Figure 4(A) Heat map represents the number of BS junction reads of circRNAs significantly Differentially Expressed (DE) in ER+ tumors versus Normal Breast Organoids (NBO) (left), ER+ tumors versus HER2 amplified tumors (middle), or ER+ tumor samples versus Triple Negative (TN) tumors (right). (B) Bar plot shows the log2 Fold Change of the ten most significant upregulated or downregulated DE circRNAs in each DE analysis performed (red). In blue are represented their correspondent linear genes. In bold circRNAs whose host genes are known to be DE in a specific condition. (C) Radar plot represents the number of BS reads of three representative DE circRNAs, counted by HashCirc in 20 total RNA-Seq datasets from primary tumor specimens (ER = ER+ tumors; HER2 = HER2 amplified tumors; NBO = Normal Breast Organoids). (D) Heat map represents the expression level of ten selected circRNAs measured by qRT-PCR in 42 different tumor samples, (left) and the level of expression of the corresponding host genes (right). The tumor molecular subtype and the positivity to ER expression or HER2 amplification is reported on top of the heat maps, accordingly to clinical data.

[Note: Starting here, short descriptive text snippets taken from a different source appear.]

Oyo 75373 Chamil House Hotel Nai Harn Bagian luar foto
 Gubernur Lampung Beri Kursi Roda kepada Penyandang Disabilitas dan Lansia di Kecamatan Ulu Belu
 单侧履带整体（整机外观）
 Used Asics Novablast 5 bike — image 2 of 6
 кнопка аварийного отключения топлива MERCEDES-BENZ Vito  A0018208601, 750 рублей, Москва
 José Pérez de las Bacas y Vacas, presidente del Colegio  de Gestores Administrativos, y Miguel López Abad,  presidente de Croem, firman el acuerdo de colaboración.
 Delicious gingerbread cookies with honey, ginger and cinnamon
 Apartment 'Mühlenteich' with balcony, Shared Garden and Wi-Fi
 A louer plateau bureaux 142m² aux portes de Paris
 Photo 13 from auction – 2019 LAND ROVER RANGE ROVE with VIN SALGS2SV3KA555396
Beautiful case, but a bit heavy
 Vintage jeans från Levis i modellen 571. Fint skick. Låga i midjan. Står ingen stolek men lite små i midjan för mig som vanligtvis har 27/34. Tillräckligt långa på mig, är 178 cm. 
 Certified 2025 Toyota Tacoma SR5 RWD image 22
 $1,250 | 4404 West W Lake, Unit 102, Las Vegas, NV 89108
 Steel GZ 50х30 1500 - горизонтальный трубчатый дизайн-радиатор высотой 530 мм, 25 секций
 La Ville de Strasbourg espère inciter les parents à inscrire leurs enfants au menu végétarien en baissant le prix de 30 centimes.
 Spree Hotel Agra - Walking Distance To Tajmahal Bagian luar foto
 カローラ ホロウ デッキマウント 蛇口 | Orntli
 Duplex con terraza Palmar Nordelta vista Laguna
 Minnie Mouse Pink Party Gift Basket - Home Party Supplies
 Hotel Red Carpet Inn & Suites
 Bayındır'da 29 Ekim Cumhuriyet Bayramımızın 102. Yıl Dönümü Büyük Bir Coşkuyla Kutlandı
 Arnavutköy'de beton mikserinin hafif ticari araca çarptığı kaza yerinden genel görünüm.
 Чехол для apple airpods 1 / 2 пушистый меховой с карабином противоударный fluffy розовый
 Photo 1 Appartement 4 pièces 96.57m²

Figure 5(A) Line plot shows the normalized number of Ago-HITS-CLIP reads counted in a genomic window of +/− 500 bp centered on each circRNA BS sites (left) or at corresponding linear splicing sites of genes from the control gene set (right). Data of all the three biological replicates of the experiment are reported. CE, Circularizing exon. (B) Box plot represents the number of Ago-HITS-CLIP reads counted within a genomic region of +/− 100 bp centered on each circRNA BS sites (red) or control gene splicing sites (blue). p-value by Wilcoxon-Rank Sum Test. ***, p-value < 0.001. (C) Washu Genome Browser representation of the circRNA predicted at ZNF91 gene. The normalized genomic coverage of the three Ago-HITS-CLIP experiments is reported at the bottom. The signal was normalized on the total number of reads sequenced in each experiment. (D) Histogram representing the number of sequences overlapped with Ago-HITS-CLIP reads considering the CM7 BS junctions (red) and 100 sets of 3,271 sequences generated by random permutation of CM7 BS sequences halves (blue). (E) Box plot representing the log10 average reads in three different datasets: 127 AGO-overlapped back-splicing sequences (red), 100 sets of random sequences generated by randomly permuting 127 randomly selected from the 3,271 CM7 back-splicing sequence halves (Permuted Set 1, blue) and 100 sets of random sequences generated by permuting the 127 back-splicing sequences overlapped with AGO (Permuted Set 2, blue) p-value by Wilcoxon-Rank Sum Test. ***, p-value < 0.001. (F) Bar plot showing the average normalized Ago reads overlapped with the top 10 CM7 BS junction (red) and a set composed of linear mRNA splicing sequences in between of the two exons involved in the circularization (light blue). The internal junction was defined by considering the 5’ CE and the following exon in the linear transcript. For Circ_RPPH1_1, mapped on a monoexonic gene, no control junction was available. For the monoexonic circRNA Circ_EXO5_3 no internal junction was available. The number of reads counted on the linear mRNA splicing sequences involving the CE and the flanking exon at the 5’ (cyan) and the flanking exon at the 3’ (blue) were also reported.